Provided entries.
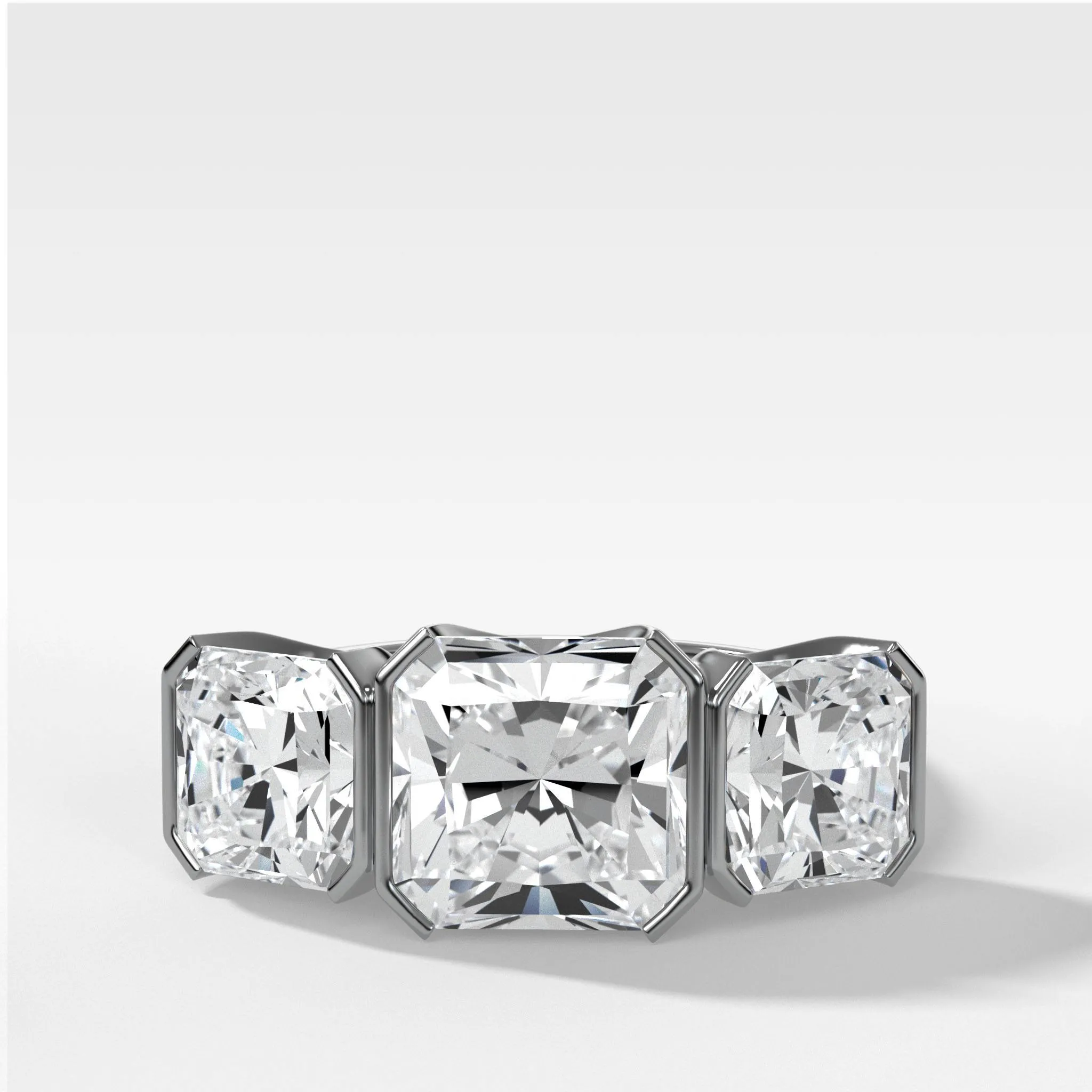 Half Bezel Triad Engagement Ring With Radiant Square Cut Diamonds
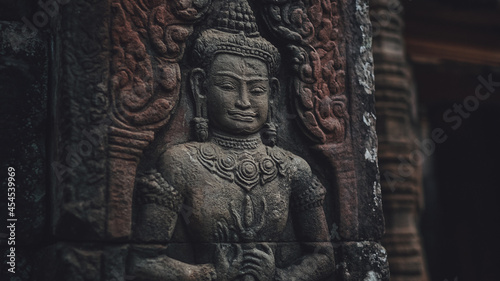 Closeup of a statue inside the Banteay Kdei temple.  Angkor, Cambodia. photo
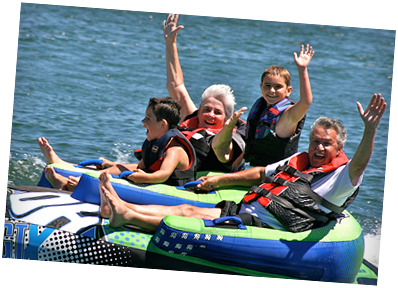 A group of people are floating on tubes in the water.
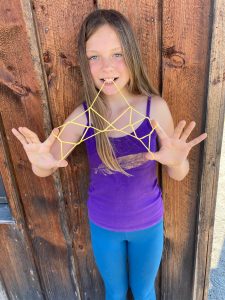 Contributed photo
Cora Limbach of Lopez Island will teach popular string games at the History Museums wool and fiber fest for kids on Saturday. Here she demonstrates the Eiffel Tower pattern.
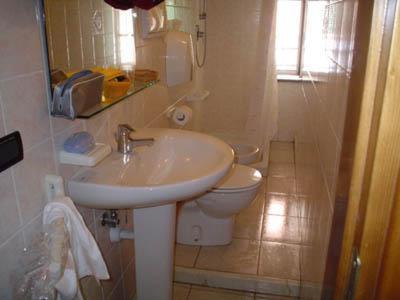 a bathroom with a sink and a toilet at Locanda Ca Dei Duxi in Riomaggiore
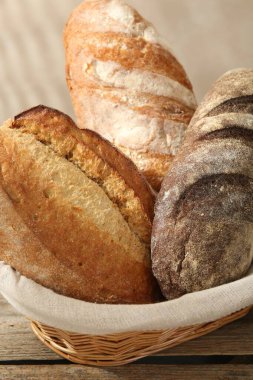 Tahta masadaki sepetin içinde farklı somunlar, yakın çekim.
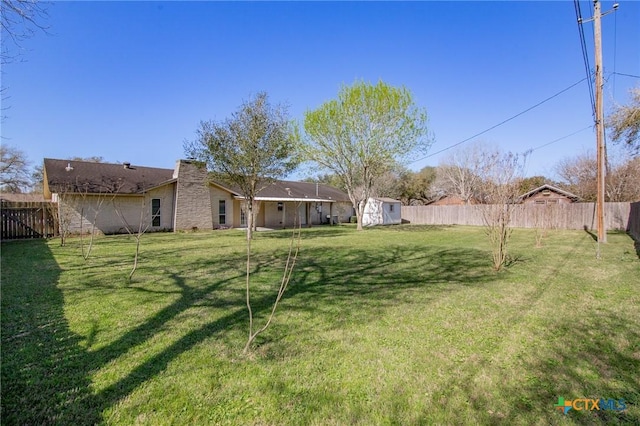 view of yard with a storage unit, a fenced backyard, and an outdoor structure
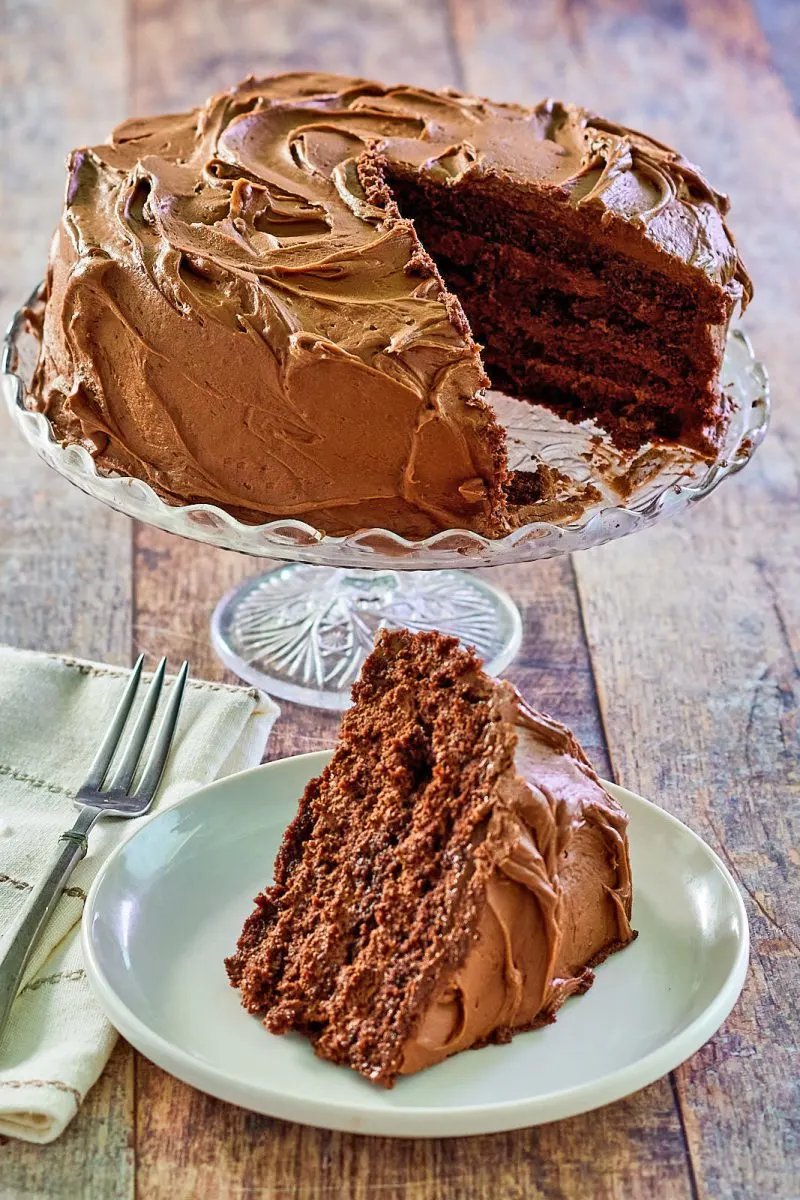 Slice of chocolate cake with layers of creamy chocolate mousse frosted with chocolate buttercream on a plate - Hostess At Heart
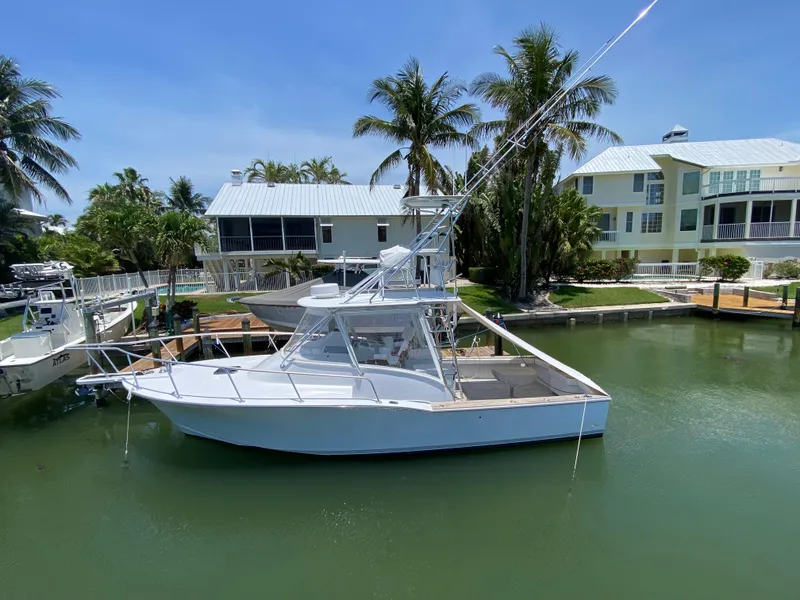 Slide: The Image of A 1995 L&H 33 boat docked in a tropical marina setting. - 7
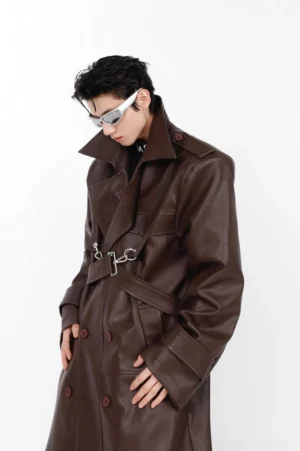 Dark brown oversized vegan leather trench coat shown from a three quarter view with matte PU finish double breasted buttons shoulder epaulets metal chest buckle and longline streetwear silhouette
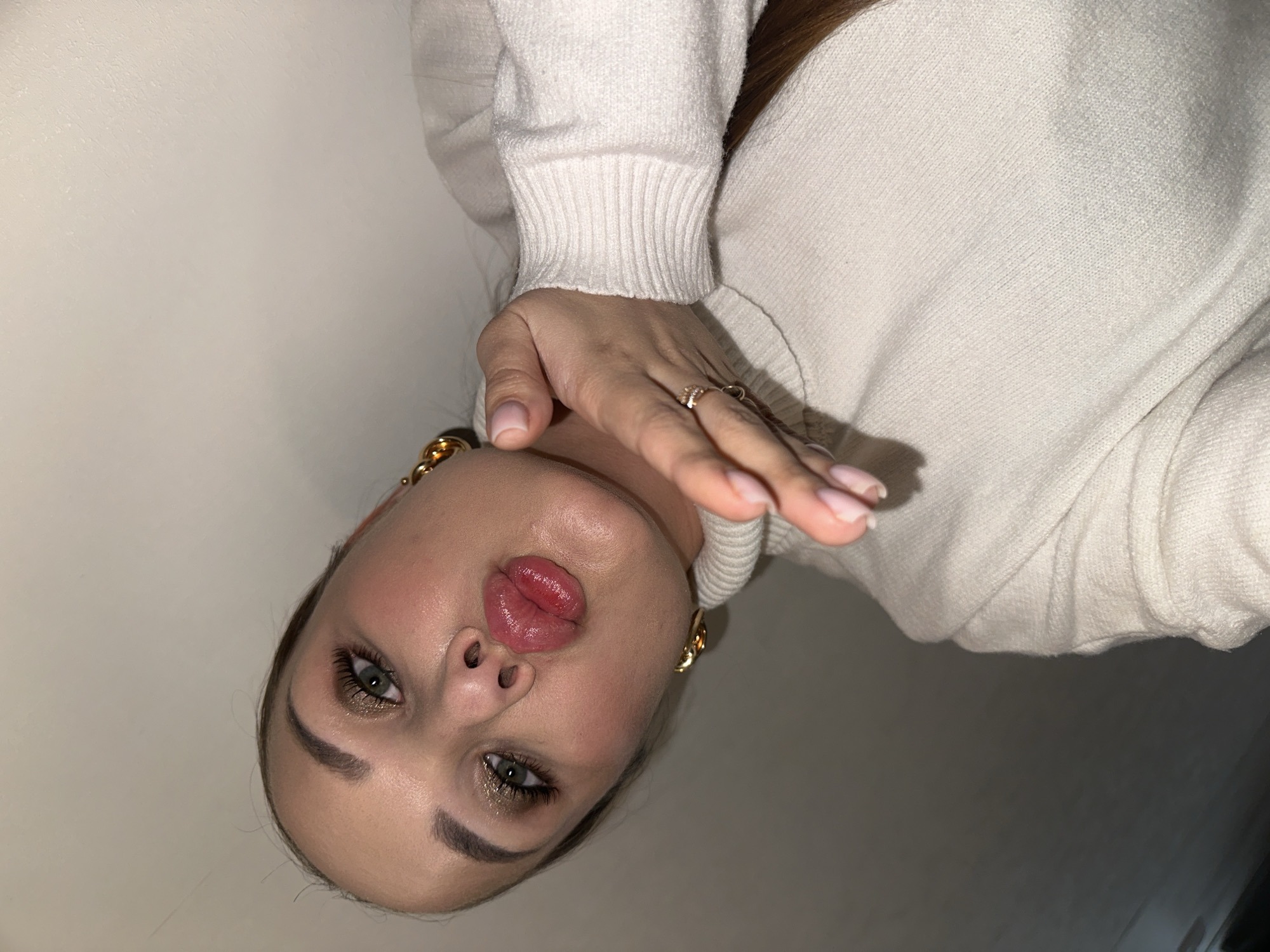 A young woman poses for a selfie. She is wearing a white sweater and gold hoop earrings. Her makeup includes eyeshadow and lip gloss. The background is a plain, light-colored wall. There is no information to confirm the location is in the city of Chaikovsky, Russia.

Task prompt. The answer should consist only of the lines above from the one with "Slice of chocolate" through the one with "Dark brown oversized", repeated exactly, with no pictures among them.

Solution to the problem.
 Slice of chocolate cake with layers of creamy chocolate mousse frosted with chocolate buttercream on a plate - Hostess At Heart
 Slide: The Image of A 1995 L&H 33 boat docked in a tropical marina setting. - 7
 Dark brown oversized vegan leather trench coat shown from a three quarter view with matte PU finish double breasted buttons shoulder epaulets metal chest buckle and longline streetwear silhouette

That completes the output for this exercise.